AIM OF THE EXERCISE
When you reach the line containing "Handbaldames kunnen prima" in the entries below, start writing out each line exactly, and stop after the line containing "BEST LOCATION Apartamento".

DATA IN THIS EXERCISE
^^^^
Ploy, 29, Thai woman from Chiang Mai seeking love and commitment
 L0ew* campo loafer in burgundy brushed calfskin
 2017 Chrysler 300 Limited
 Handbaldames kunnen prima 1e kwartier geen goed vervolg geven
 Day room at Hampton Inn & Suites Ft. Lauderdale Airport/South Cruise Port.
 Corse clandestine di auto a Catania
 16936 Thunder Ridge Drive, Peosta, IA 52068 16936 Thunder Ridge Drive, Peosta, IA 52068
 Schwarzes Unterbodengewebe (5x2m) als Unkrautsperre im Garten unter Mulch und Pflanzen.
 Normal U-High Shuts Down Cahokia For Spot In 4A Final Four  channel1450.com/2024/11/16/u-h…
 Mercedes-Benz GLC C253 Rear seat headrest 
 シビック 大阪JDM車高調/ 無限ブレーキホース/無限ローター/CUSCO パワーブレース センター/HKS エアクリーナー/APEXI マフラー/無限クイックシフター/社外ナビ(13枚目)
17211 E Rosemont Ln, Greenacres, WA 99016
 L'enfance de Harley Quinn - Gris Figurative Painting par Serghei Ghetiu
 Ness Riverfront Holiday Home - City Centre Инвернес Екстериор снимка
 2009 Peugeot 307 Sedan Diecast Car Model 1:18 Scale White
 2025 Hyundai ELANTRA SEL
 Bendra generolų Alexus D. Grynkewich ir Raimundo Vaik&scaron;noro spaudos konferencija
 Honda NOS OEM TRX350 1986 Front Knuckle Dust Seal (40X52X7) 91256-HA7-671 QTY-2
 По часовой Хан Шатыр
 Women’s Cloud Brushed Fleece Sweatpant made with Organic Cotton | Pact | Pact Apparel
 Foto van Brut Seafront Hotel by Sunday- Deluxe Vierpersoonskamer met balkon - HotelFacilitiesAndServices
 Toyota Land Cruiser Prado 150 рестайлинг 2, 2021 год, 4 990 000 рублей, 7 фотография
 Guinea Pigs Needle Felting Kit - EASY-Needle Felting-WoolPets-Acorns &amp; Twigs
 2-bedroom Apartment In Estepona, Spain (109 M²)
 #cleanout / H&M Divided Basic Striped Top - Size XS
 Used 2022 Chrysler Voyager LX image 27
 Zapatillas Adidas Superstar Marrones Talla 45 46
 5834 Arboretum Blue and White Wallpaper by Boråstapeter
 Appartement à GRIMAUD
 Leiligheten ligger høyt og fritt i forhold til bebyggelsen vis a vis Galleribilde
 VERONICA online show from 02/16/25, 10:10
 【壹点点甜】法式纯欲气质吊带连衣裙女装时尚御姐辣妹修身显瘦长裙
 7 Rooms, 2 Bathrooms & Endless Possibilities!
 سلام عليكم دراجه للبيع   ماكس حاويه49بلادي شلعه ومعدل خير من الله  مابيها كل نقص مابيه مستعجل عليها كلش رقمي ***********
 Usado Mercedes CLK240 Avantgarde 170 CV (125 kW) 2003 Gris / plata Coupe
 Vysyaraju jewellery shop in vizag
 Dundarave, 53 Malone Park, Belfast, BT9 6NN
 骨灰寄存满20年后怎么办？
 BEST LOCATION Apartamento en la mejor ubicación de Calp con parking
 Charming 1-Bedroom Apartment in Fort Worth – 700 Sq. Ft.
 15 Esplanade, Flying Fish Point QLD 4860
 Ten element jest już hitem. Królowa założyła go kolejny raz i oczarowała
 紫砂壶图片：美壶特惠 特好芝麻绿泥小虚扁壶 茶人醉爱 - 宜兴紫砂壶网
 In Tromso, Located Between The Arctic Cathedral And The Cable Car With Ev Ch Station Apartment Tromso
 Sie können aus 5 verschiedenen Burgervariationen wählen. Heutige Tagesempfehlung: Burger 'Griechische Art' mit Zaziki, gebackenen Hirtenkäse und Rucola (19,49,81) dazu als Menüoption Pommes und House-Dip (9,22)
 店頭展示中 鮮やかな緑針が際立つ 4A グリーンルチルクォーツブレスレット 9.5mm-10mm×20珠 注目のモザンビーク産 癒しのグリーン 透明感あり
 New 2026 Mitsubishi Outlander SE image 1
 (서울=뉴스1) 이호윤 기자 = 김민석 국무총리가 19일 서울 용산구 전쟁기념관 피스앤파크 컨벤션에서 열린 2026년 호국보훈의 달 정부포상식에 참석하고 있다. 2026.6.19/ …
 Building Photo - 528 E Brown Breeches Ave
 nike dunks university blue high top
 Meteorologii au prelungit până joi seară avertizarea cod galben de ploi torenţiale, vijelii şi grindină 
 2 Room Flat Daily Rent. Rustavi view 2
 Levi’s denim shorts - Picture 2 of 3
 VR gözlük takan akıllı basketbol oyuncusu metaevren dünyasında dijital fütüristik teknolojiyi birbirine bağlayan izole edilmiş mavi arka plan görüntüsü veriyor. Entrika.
^^^^
REPLY
 Handbaldames kunnen prima 1e kwartier geen goed vervolg geven
 Day room at Hampton Inn & Suites Ft. Lauderdale Airport/South Cruise Port.
 Corse clandestine di auto a Catania
 16936 Thunder Ridge Drive, Peosta, IA 52068 16936 Thunder Ridge Drive, Peosta, IA 52068
 Schwarzes Unterbodengewebe (5x2m) als Unkrautsperre im Garten unter Mulch und Pflanzen.
 Normal U-High Shuts Down Cahokia For Spot In 4A Final Four  channel1450.com/2024/11/16/u-h…
 Mercedes-Benz GLC C253 Rear seat headrest 
 シビック 大阪JDM車高調/ 無限ブレーキホース/無限ローター/CUSCO パワーブレース センター/HKS エアクリーナー/APEXI マフラー/無限クイックシフター/社外ナビ(13枚目)
17211 E Rosemont Ln, Greenacres, WA 99016
 L'enfance de Harley Quinn - Gris Figurative Painting par Serghei Ghetiu
 Ness Riverfront Holiday Home - City Centre Инвернес Екстериор снимка
 2009 Peugeot 307 Sedan Diecast Car Model 1:18 Scale White
 2025 Hyundai ELANTRA SEL
 Bendra generolų Alexus D. Grynkewich ir Raimundo Vaik&scaron;noro spaudos konferencija
 Honda NOS OEM TRX350 1986 Front Knuckle Dust Seal (40X52X7) 91256-HA7-671 QTY-2
 По часовой Хан Шатыр
 Women’s Cloud Brushed Fleece Sweatpant made with Organic Cotton | Pact | Pact Apparel
 Foto van Brut Seafront Hotel by Sunday- Deluxe Vierpersoonskamer met balkon - HotelFacilitiesAndServices
 Toyota Land Cruiser Prado 150 рестайлинг 2, 2021 год, 4 990 000 рублей, 7 фотография
 Guinea Pigs Needle Felting Kit - EASY-Needle Felting-WoolPets-Acorns &amp; Twigs
 2-bedroom Apartment In Estepona, Spain (109 M²)
 #cleanout / H&M Divided Basic Striped Top - Size XS
 Used 2022 Chrysler Voyager LX image 27
 Zapatillas Adidas Superstar Marrones Talla 45 46
 5834 Arboretum Blue and White Wallpaper by Boråstapeter
 Appartement à GRIMAUD
 Leiligheten ligger høyt og fritt i forhold til bebyggelsen vis a vis Galleribilde
 VERONICA online show from 02/16/25, 10:10
 【壹点点甜】法式纯欲气质吊带连衣裙女装时尚御姐辣妹修身显瘦长裙
 7 Rooms, 2 Bathrooms & Endless Possibilities!
 سلام عليكم دراجه للبيع   ماكس حاويه49بلادي شلعه ومعدل خير من الله  مابيها كل نقص مابيه مستعجل عليها كلش رقمي ***********
 Usado Mercedes CLK240 Avantgarde 170 CV (125 kW) 2003 Gris / plata Coupe
 Vysyaraju jewellery shop in vizag
 Dundarave, 53 Malone Park, Belfast, BT9 6NN
 骨灰寄存满20年后怎么办？
 BEST LOCATION Apartamento en la mejor ubicación de Calp con parking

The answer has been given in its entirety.